[Short text fragments from websites]
++++

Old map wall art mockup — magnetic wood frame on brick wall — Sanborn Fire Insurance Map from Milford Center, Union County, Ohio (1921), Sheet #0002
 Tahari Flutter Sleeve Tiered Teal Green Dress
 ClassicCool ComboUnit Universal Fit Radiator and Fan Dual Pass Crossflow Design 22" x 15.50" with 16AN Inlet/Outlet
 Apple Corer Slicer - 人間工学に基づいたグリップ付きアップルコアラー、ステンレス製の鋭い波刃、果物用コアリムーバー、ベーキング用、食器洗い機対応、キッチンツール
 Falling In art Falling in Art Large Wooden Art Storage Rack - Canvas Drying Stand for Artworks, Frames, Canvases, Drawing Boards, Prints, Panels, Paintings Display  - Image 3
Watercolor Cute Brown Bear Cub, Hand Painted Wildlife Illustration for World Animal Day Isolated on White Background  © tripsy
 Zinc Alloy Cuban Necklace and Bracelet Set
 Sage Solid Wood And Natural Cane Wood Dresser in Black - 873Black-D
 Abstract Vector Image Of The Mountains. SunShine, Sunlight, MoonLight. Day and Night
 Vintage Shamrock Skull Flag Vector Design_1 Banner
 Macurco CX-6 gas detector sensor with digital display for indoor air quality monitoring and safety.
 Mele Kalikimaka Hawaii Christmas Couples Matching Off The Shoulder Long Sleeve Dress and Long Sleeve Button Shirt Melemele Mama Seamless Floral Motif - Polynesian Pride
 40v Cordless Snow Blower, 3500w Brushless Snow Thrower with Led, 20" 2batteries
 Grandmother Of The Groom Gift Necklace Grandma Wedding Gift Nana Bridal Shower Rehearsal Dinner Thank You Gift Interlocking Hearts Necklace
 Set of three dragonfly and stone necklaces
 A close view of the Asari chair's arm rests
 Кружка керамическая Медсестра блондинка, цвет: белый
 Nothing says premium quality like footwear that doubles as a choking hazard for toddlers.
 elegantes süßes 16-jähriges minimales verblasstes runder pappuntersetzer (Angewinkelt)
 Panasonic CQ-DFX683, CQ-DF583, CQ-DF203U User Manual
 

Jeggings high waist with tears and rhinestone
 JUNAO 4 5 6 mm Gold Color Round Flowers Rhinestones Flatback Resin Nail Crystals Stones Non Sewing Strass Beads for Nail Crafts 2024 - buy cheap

++++

▶ **WHAT TO PRODUCE**: Repeat every line of the records, exactly as given.

▶ **EXERCISE OUTPUT**:
Old map wall art mockup — magnetic wood frame on brick wall — Sanborn Fire Insurance Map from Milford Center, Union County, Ohio (1921), Sheet #0002
 Tahari Flutter Sleeve Tiered Teal Green Dress
 ClassicCool ComboUnit Universal Fit Radiator and Fan Dual Pass Crossflow Design 22" x 15.50" with 16AN Inlet/Outlet
 Apple Corer Slicer - 人間工学に基づいたグリップ付きアップルコアラー、ステンレス製の鋭い波刃、果物用コアリムーバー、ベーキング用、食器洗い機対応、キッチンツール
 Falling In art Falling in Art Large Wooden Art Storage Rack - Canvas Drying Stand for Artworks, Frames, Canvases, Drawing Boards, Prints, Panels, Paintings Display  - Image 3
Watercolor Cute Brown Bear Cub, Hand Painted Wildlife Illustration for World Animal Day Isolated on White Background  © tripsy
 Zinc Alloy Cuban Necklace and Bracelet Set
 Sage Solid Wood And Natural Cane Wood Dresser in Black - 873Black-D
 Abstract Vector Image Of The Mountains. SunShine, Sunlight, MoonLight. Day and Night
 Vintage Shamrock Skull Flag Vector Design_1 Banner
 Macurco CX-6 gas detector sensor with digital display for indoor air quality monitoring and safety.
 Mele Kalikimaka Hawaii Christmas Couples Matching Off The Shoulder Long Sleeve Dress and Long Sleeve Button Shirt Melemele Mama Seamless Floral Motif - Polynesian Pride
 40v Cordless Snow Blower, 3500w Brushless Snow Thrower with Led, 20" 2batteries
 Grandmother Of The Groom Gift Necklace Grandma Wedding Gift Nana Bridal Shower Rehearsal Dinner Thank You Gift Interlocking Hearts Necklace
 Set of three dragonfly and stone necklaces
 A close view of the Asari chair's arm rests
 Кружка керамическая Медсестра блондинка, цвет: белый
 Nothing says premium quality like footwear that doubles as a choking hazard for toddlers.
 elegantes süßes 16-jähriges minimales verblasstes runder pappuntersetzer (Angewinkelt)
 Panasonic CQ-DFX683, CQ-DF583, CQ-DF203U User Manual
 

Jeggings high waist with tears and rhinestone
 JUNAO 4 5 6 mm Gold Color Round Flowers Rhinestones Flatback Resin Nail Crystals Stones Non Sewing Strass Beads for Nail Crafts 2024 - buy cheap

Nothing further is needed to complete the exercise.